Les menaces terroristes qui pèsent sur notre pays sont une réalité renouvelée que chacun, hélas, a aujourd’hui à l’esprit. Ces menaces font écho au désordre du monde. Elles mettent en péril les intérêts fondamentaux de notre nation. Elles appellent une réponse, opérationnelle autant que juridique, extrêmement déterminée, venant de l’ensemble des partis de gouvernement.
Si le terrorisme est une menace avec laquelle la France a malheureusement dû apprendre à vivre depuis longtemps, notre pays doit aujourd’hui faire face à un grave péril : celui du développement du terrorisme au nom du djihad (1).
Le phénomène n’est pas nouveau : ce sont des djihadistes qui ont été à l’origine de tous les projets d’attentats majeurs ayant visé la France depuis une quinzaine d’années, qu’il s’agisse du marché de Noël à Strasbourg en 2000, de l’ambassade des États-Unis en 2001, du projet d’attaque chimique à Paris en 2002 ou contre la tour Eiffel et la cathédrale Notre-Dame en 2010 (2).
Le phénomène n’est pas propre à la France : plusieurs autres pays européens servent de terre de recrutement de djihadistes, qui, ces derniers mois, rejoignent principalement la Syrie.

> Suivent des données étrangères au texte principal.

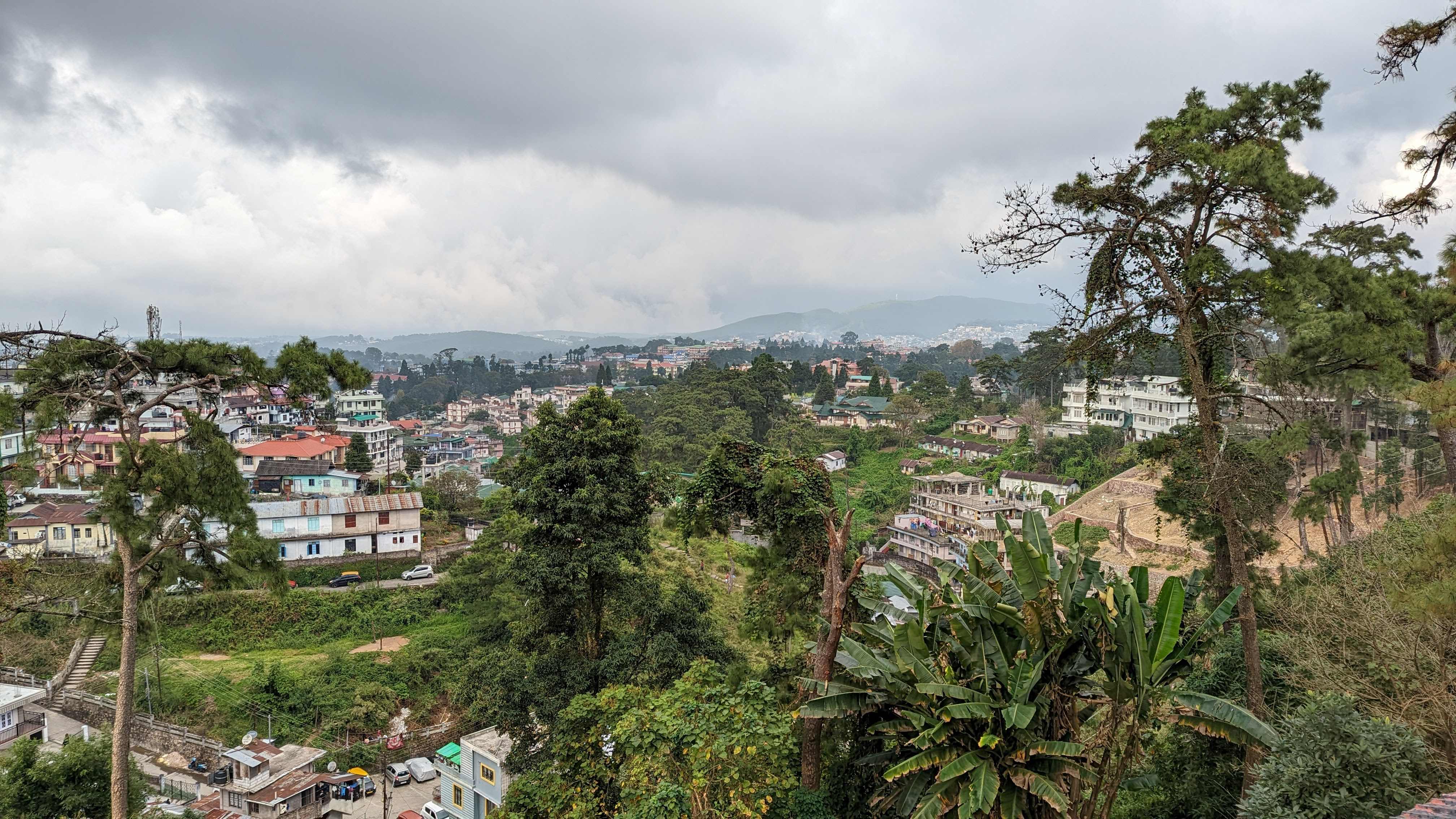 View of the rolling landscape of Shillong including buildings and trees from the deck at Heritage Club.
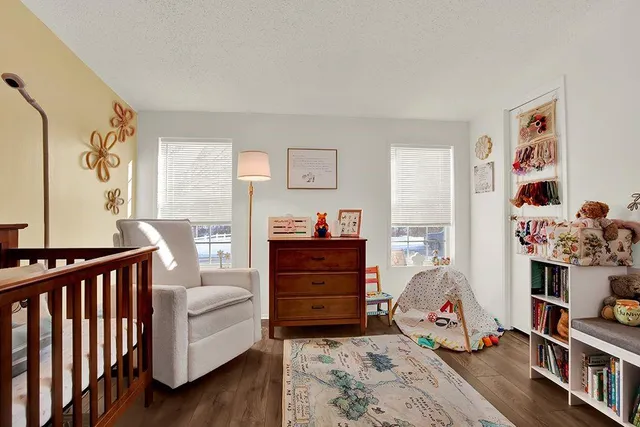 a bedroom with furniture and a wooden floor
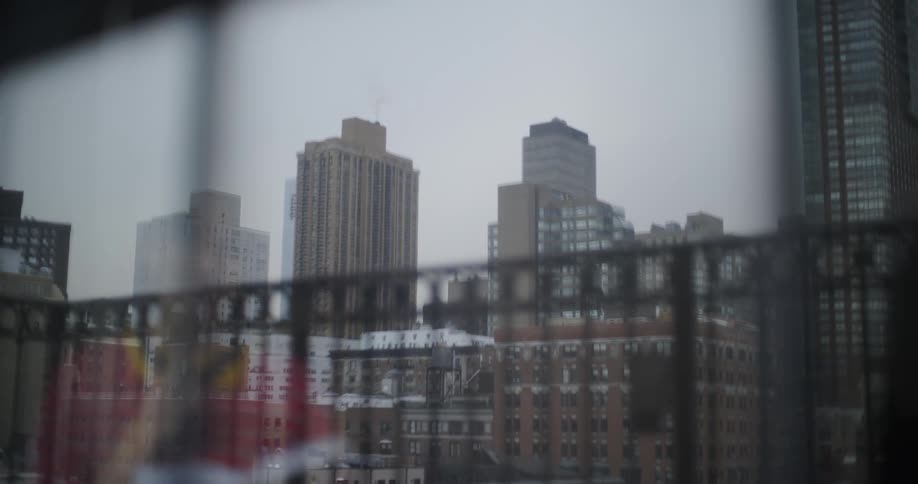 Woman paces in front of an apartment window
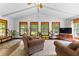 Bright living room with wood floors, beamed ceilings, and three large windows with wood trim at 217 Cedar Trl, Jonesboro, GA 30238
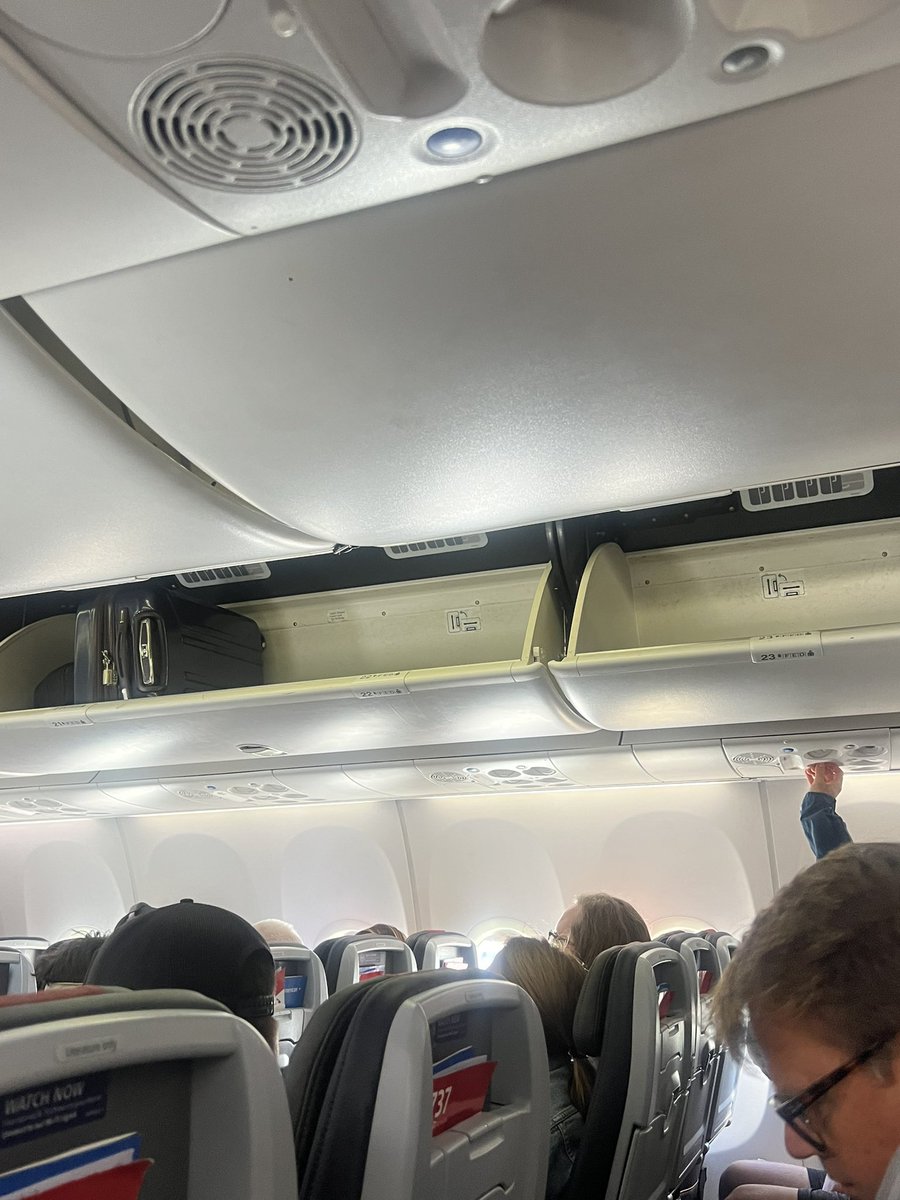 ashleydlc's tweet photo. @AmericanAir at their best again. Making everyone check bags because they are all full overhead bin capacity all, yet…. All along the plane.  Avoiding taller all costs next year. https://t.co/CVV1OE9Svd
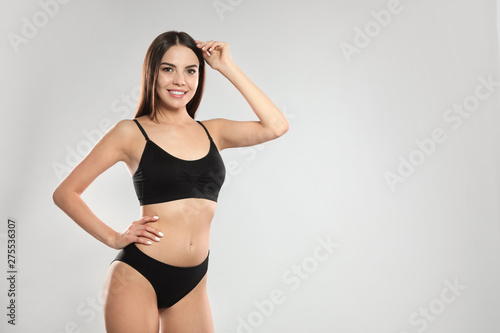 Portrait of attractive young woman with slim body in swimwear on white background. Space for text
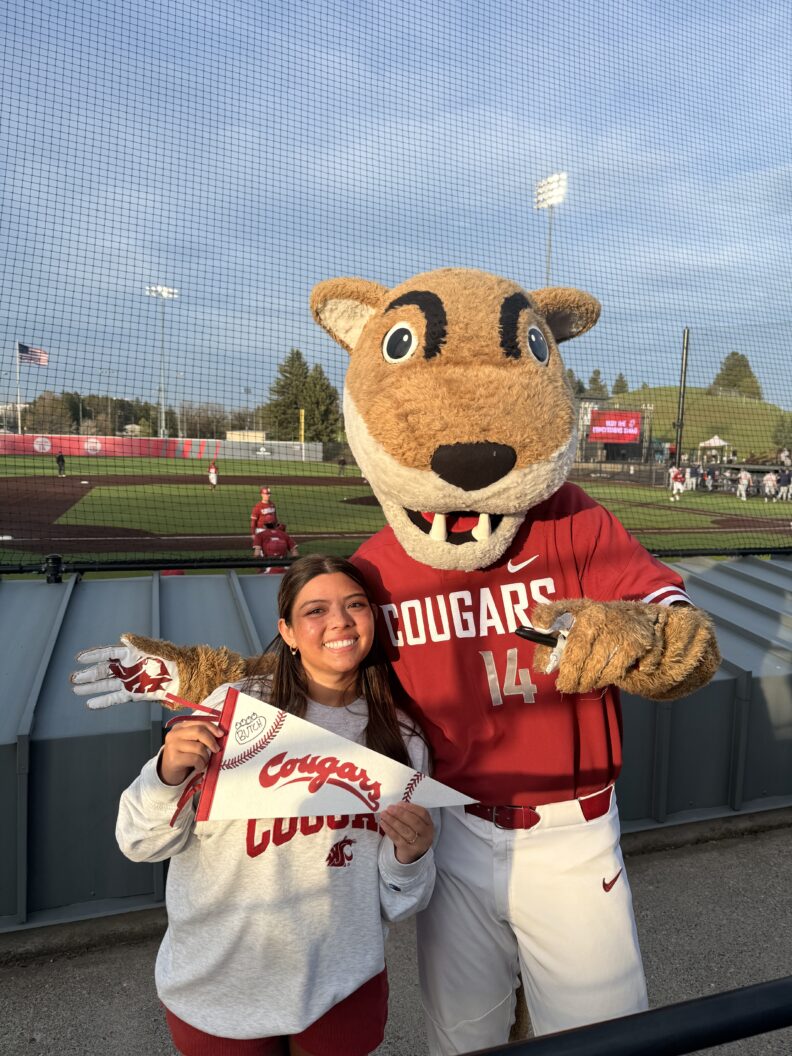 OL Sarah smiles with Butch T. Cougar.
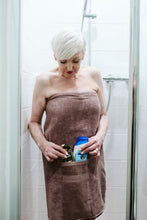 Load image into Gallery viewer, Maisy dignity towel with velcro to hold in place and pockets for shower essentials
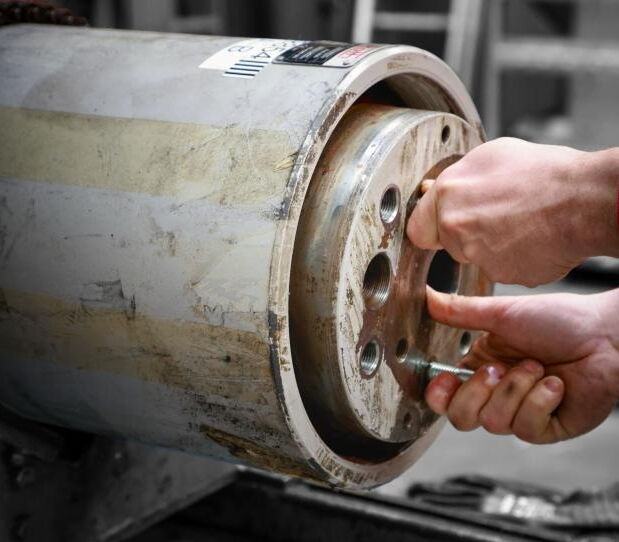 Eine Person schraubt mit einer Hand einen Bolzen in eine runde Metallplatte, die an einem großen Rohr befestigt ist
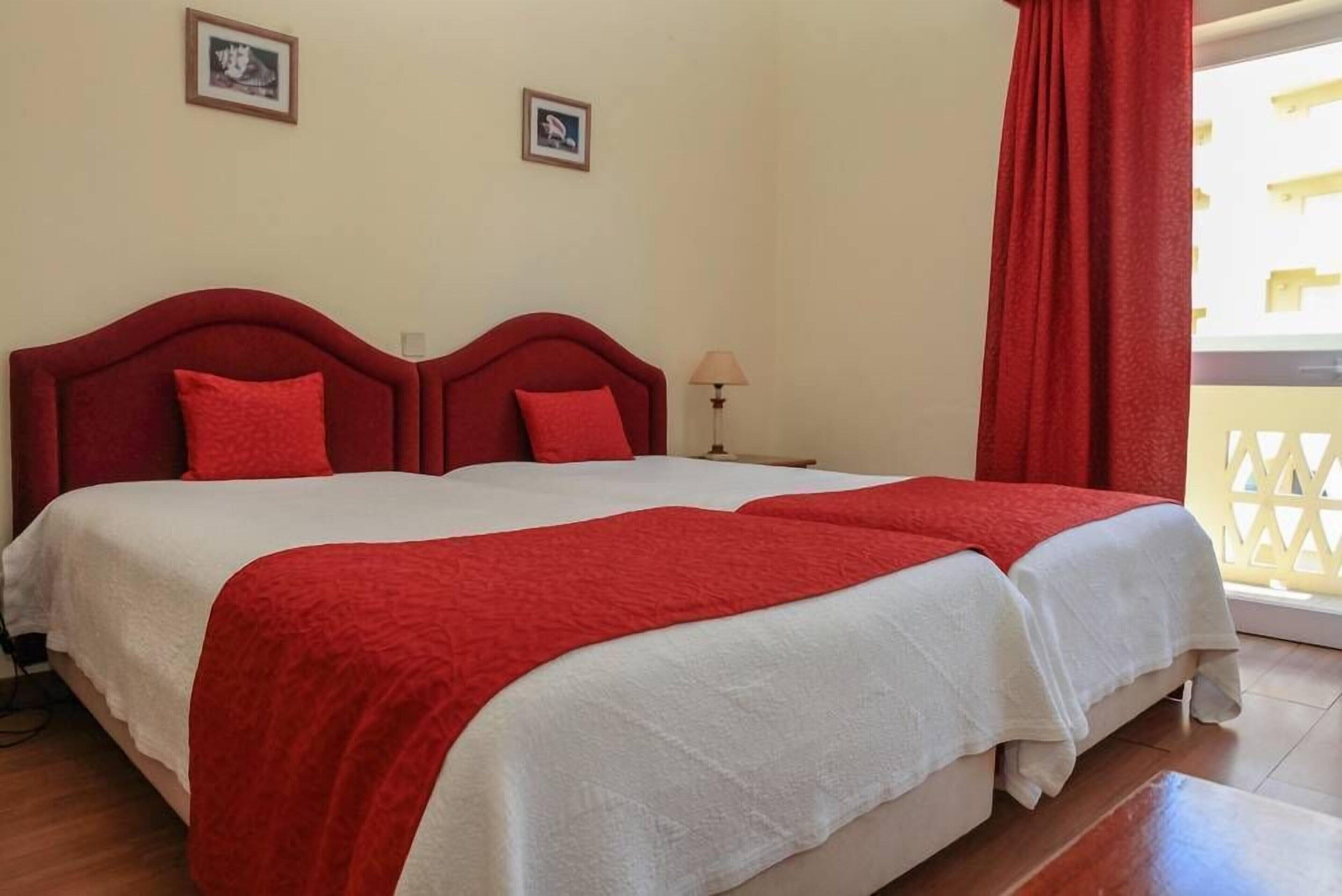 Desk, blackout curtains, free WiFi, bed sheets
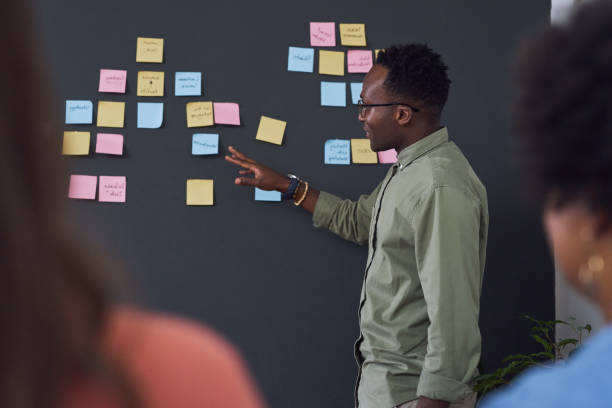 Shot of a team of young businesspeople having a brainstorming session in a modern office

En janvier 2014, la Commission européenne a d’ailleurs appelé les États membres de l’Union européenne à intensifier leurs efforts dans la lutte contre la radicalisation et l’extrémisme (3). Le 8 mai dernier, les ministres de l’Intérieur de neuf pays européens se sont rencontrés à Bruxelles pour renforcer la coopération des polices nationales et des services de renseignement dans la lutte contre les filières djihadistes – réunion à laquelle ont été associés le Maroc, la Tunisie, la Jordanie, les États-Unis et la Turquie.